Modern Furies at Galerie St. Etienne

As the centennial of the commencement of World War I approaches, Galerie St. Etienne has commemorated this anniversary with a show of works created by German artists who served in the conflict.  That these are almost all graphic works - etchings, lithographs and drawings - is significant.  Monochrome pieces serve much better here than paintings in detailing the grisly carnage of trench warfare.  They possess an immediacy and intensity that could not otherwise have been captured.  There is nothing contemplative about them; they have instead a roughness that at once brings the brutality of the conflict home to the viewer.

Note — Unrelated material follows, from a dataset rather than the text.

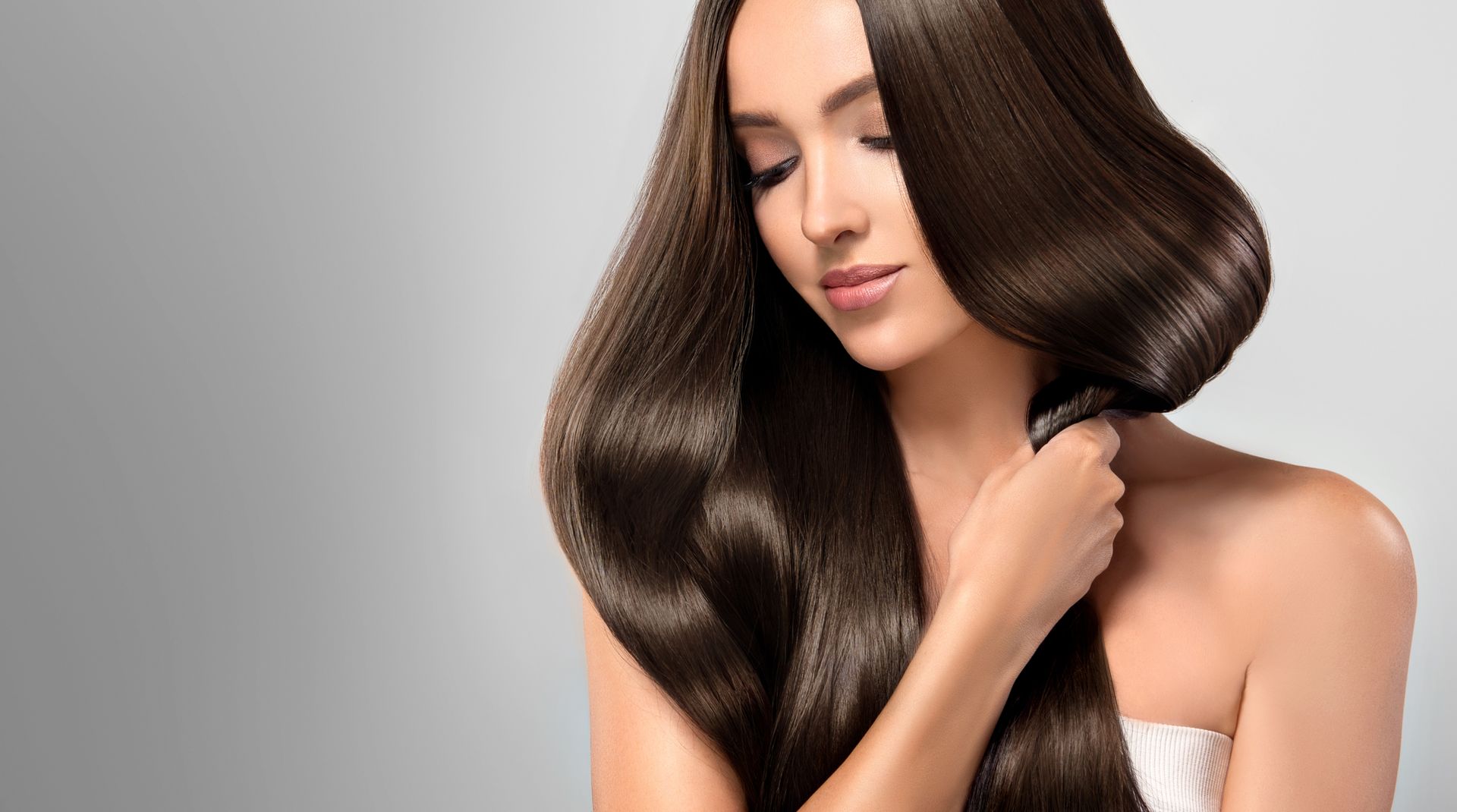 Woman With Long, Shiny, Brown Hair, Touching a Strand — Oh So Blonde Hair Studio in Buddina, QLD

The artist most thoroughly represented at the exhibit is Otto Dix.  This is only fitting as Dix was the only major German artist to have served in the trenches through the entire length of the conflict.  Those who are familiar with the artist primarily through the scathing portraits he completed during the Weimar period will find new insight in the drawings and etchings shown here.  Though stylistically far different from much of Dix' postwar work - View of the Moon (1916) and Troops (1918) are almost abstractions - they provide the basis for the savage irony that would inform such later masterpieces as the famous Metropolis triptych (1928).  Nor did the artist ever forget what he had witnessed.  His 1923 painting The Trench, which depicted the decomposing bodies of dead soldiers, caused such a scandal that it forced the resignation of the director of the Wallraf-Richartz Museum who had already hidden the work behind a curtain.  That piece is prefigured here by Dead Soldier (1922).  Other wrenching works by Dix (all of them from 1924) at the current exhibit include Wounded Man Fleeing, The Madwoman of Sainte-Marie-à-Py, House Destroyed by Aerial Bombs (Tournai) and Soldier and Nun (Rape).  

That other great satirist of the Weimar era, George Grosz, is represented by six works of which the most interesting is The Photographer (1927-28) which was actually a set design for a stage production of The Good Soldier Schwejk based on the unfinished novel by Jaroslav Hašek.  Max Beckmann is represented by four works, two of which - Large Operation (1914) and Morgue (1922) - depict the front line hospitals where the wounded and dead were brought.  There are four works on display by Egon Schiele, but these are primarily portraits of the commanding officers who protected Schiele and kept him from being sent to the front.  Other artists shown include Erich Heckel and Käthe Kollwitz.

In these days when there is once again saber rattling and the massing of troops along the Ukrainian border, this is a most timely exhibit.  As the viewer gazes upon the horror and folly of war that is portrayed so well by these artists, it becomes all too readily apparent that no lessons at all have been learned over the past hundred years.  

The exhibit continues through April 12, 2014.